- **Task to complete**:
Output all of the data below without changing a word, and exclude the pictures.

- **Recorded data**:
BEGIN

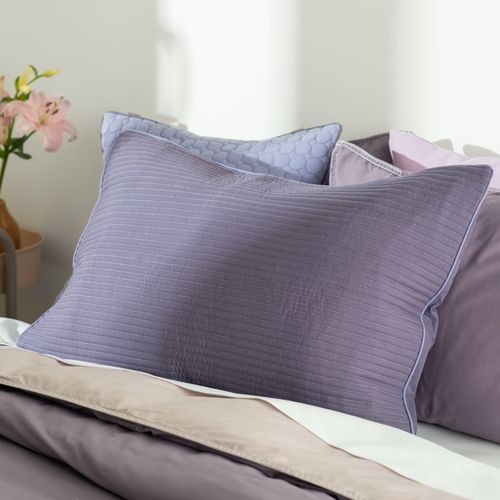 Funda Almohadon Poliestireno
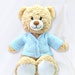 see more listings in the Build a bear cardigans section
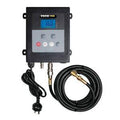 WALL MOUNT TIRE INFLATOR ESC10964 Brand New!
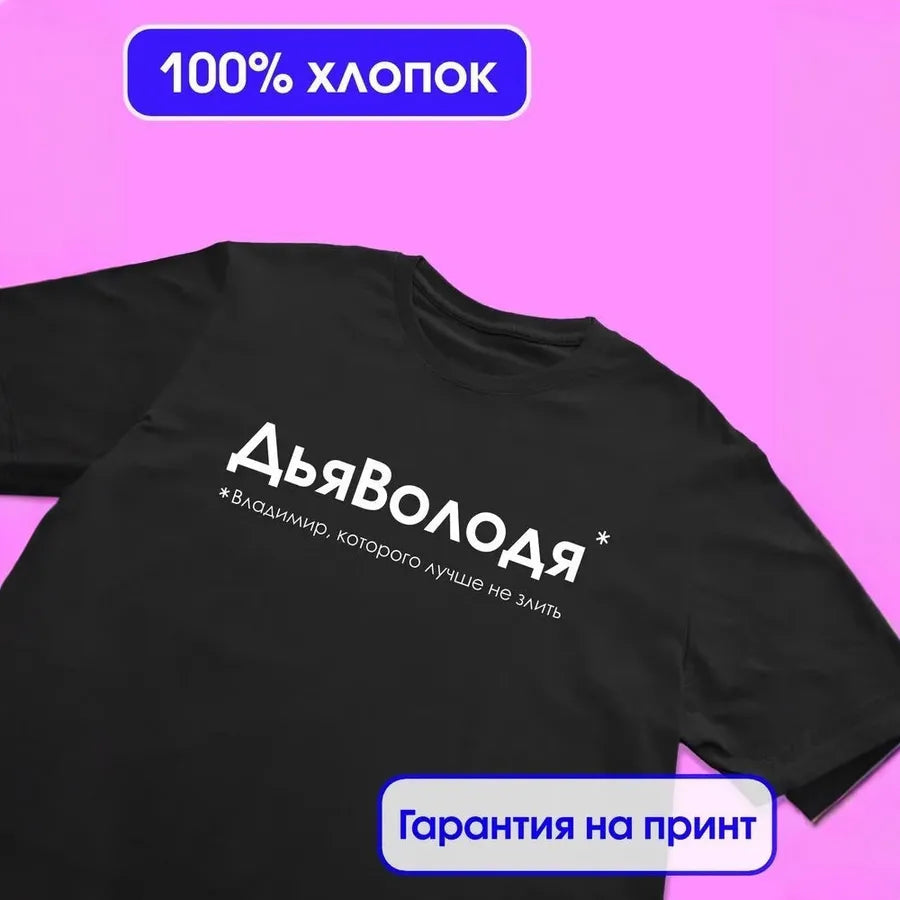 product/2025/8/18/1957276403670061056.jpg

END

- **Task response**:
 Funda Almohadon Poliestireno
 see more listings in the Build a bear cardigans section
 WALL MOUNT TIRE INFLATOR ESC10964 Brand New!
 product/2025/8/18/1957276403670061056.jpg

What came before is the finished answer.